DATA SHOWN: Begin
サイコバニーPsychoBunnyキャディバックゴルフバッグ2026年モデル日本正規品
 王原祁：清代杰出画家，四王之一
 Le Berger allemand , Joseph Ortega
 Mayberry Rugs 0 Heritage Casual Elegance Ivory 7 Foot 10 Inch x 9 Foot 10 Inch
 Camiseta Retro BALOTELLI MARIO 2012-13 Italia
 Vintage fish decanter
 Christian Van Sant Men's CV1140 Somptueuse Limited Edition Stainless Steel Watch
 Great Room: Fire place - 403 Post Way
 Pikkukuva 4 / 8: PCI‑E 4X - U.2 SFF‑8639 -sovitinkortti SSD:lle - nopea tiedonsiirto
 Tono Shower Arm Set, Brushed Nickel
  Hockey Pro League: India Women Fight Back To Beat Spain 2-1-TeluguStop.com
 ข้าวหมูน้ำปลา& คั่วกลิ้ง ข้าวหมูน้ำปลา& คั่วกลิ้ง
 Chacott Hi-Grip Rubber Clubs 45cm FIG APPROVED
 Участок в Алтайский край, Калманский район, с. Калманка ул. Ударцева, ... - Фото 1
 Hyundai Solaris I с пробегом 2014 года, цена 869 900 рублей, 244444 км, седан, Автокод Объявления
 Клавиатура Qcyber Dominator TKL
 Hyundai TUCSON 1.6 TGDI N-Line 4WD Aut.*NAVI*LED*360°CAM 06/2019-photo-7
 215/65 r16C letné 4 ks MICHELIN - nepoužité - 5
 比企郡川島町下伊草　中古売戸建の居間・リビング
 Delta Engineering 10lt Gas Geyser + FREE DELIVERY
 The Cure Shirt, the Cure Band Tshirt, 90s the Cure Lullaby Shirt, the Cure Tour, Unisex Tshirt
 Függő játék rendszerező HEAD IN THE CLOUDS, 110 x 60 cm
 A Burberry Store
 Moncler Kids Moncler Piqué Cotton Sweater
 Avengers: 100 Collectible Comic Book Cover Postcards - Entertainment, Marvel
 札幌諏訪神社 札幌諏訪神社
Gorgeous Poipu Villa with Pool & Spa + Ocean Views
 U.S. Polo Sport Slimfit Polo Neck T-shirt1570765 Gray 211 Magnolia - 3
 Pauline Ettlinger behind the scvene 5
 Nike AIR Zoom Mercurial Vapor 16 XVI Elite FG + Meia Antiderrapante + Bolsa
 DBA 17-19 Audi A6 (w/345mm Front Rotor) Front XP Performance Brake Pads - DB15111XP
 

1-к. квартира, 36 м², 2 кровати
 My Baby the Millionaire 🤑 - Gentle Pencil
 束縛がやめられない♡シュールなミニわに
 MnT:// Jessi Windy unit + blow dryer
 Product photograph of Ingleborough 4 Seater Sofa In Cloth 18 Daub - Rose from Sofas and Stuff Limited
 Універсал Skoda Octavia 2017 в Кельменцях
DATA SHOWN: End
=== YOUR OBJECTIVE ===
Using the material above, return each line in which the word "Limited" occurs.

=== RESPONSE ===
 Christian Van Sant Men's CV1140 Somptueuse Limited Edition Stainless Steel Watch
 Product photograph of Ingleborough 4 Seater Sofa In Cloth 18 Daub - Rose from Sofas and Stuff Limited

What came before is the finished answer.